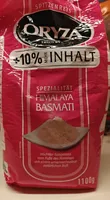 Basmati Reis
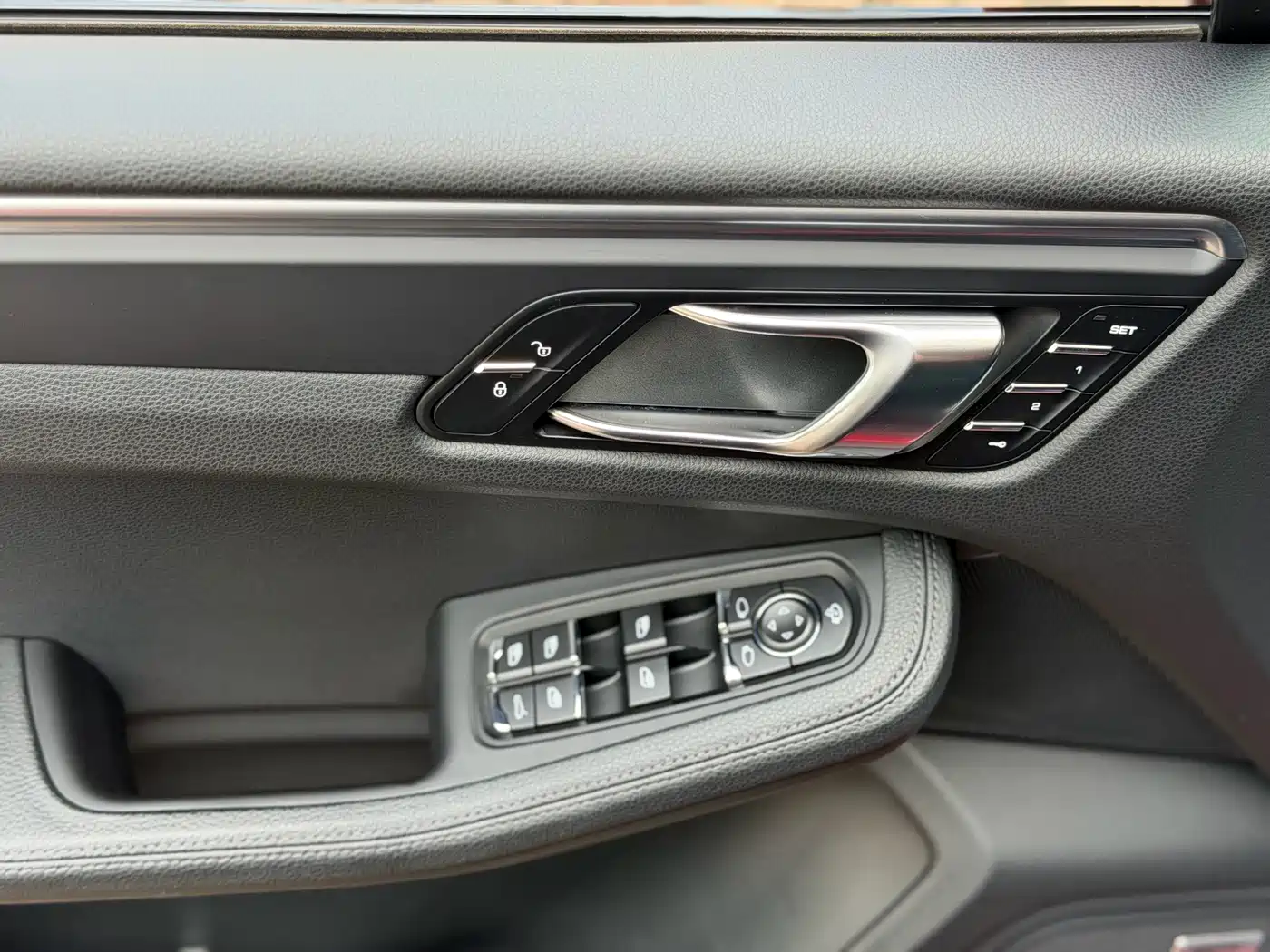 Porsche Macan 2018 Macan 2.0T фото 10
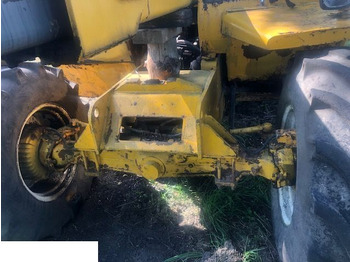 Eindaandrijving MATBRO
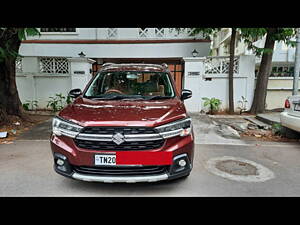 Second Hand Maruti Suzuki XL6 Zeta MT Petrol in Chennai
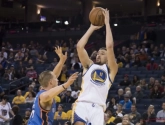 🎥 Golden State komt op eigen terrein niet in de problemen, sterk Oostende dwingt belle af in Europa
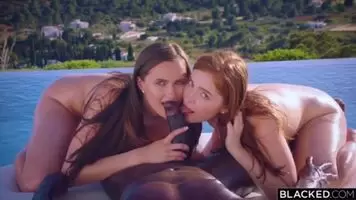 Jia Lissa & Stacy Cruz staring right into your soul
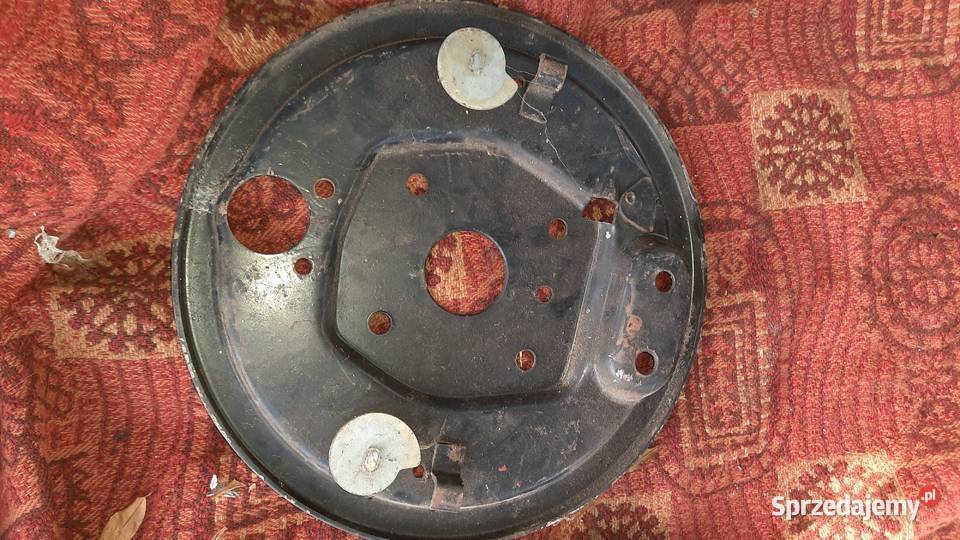 Tarcze kotwiczne hamulca Syrena 105 Brzozów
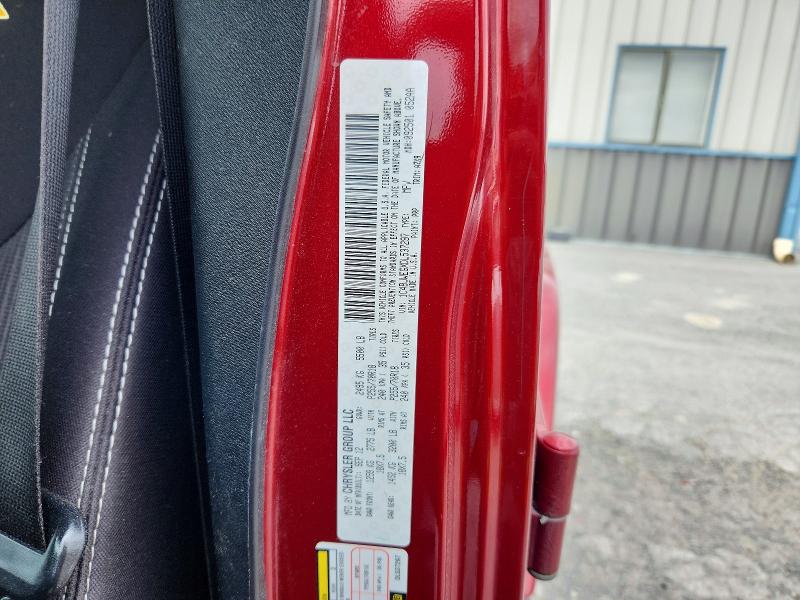 Aukcja sprzedaży 2013 Jeep Wrangler Unlimited, vin: 1C4BJWEGXDL537297, numer aukcji: 56140146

→ **Exercise**: Word for word, output the lines from the line bearing "Porsche Macan 2018 Macan 2.0T фото 10" through the end of the records above, and only those, without the pictures.

→ **Result of the task**:
 Porsche Macan 2018 Macan 2.0T фото 10
 Eindaandrijving MATBRO
 Second Hand Maruti Suzuki XL6 Zeta MT Petrol in Chennai
 🎥 Golden State komt op eigen terrein niet in de problemen, sterk Oostende dwingt belle af in Europa
 Jia Lissa & Stacy Cruz staring right into your soul
 Tarcze kotwiczne hamulca Syrena 105 Brzozów
 Aukcja sprzedaży 2013 Jeep Wrangler Unlimited, vin: 1C4BJWEGXDL537297, numer aukcji: 56140146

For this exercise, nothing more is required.